I'm trying to use a Totals Query on a table that has a few records that I can define as duplicates.
Scenario:
Table A has 4 fields: FirstName, LastName, email, Company
There are 50 rows in the table.
The table was first created when 40 leads filled out a simple form and provided their info. 10 forgot to include an e-mail address. 10 forgot to write their names, but did provide an e-mail. Then, the 10 individuals who hadn't given an e-mail address to match their names returned, and they submitted all the required data this time. I end up with a few rows where FirstName and LastName are duplicates of previous rows, but the later email field has data that the prior one does not (for those 10 individuals who essentially submitted two forms), and I would simply like to take that data from the later submissions and mash the duplicates into a single record.
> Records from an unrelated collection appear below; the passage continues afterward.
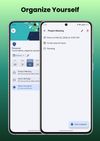 Flux for Android screenshot 3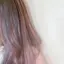 あんちゃんのプロフィール画像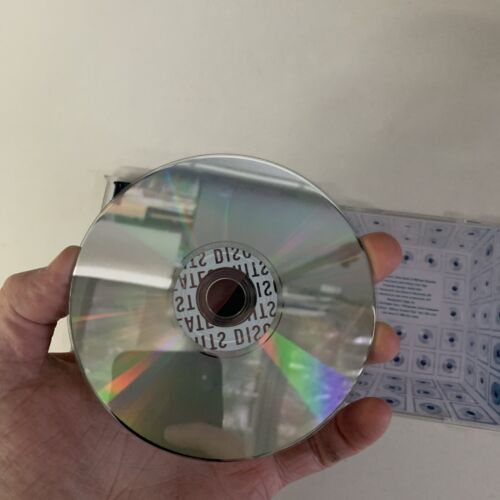 The Greatest Hits by Whitney Houston CD, 2000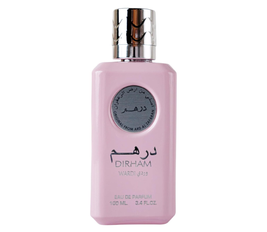 Lattafa Opulent Oud Eau De Parfum 100ML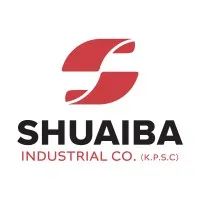 Shuaiba Industrial Company (K.P.S.C)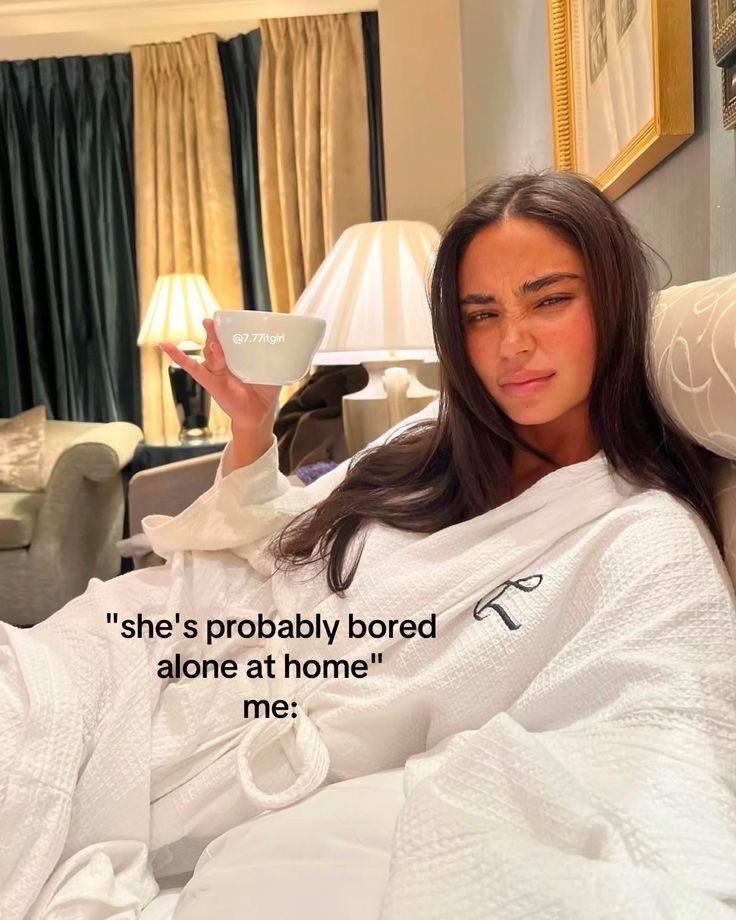 femmenotes tweet media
HOWEVER. The fact that some people did not provide first names or last names at all means that the totals function is counting everyone with no first and last name provided as a duplicate (because the FirstName and LastName fields for all of them match: they are blank). So if Jane and John Doe both gave me their email addresses but didn't write their first and last names, my database counts them as duplicates when I "Group By" the two fields of first and last name... when of course they are not duplicates.
I feel like there is some easy way to do this that I'm missing, but I can't figure what I'm doing wrong at the moment.
Thanks!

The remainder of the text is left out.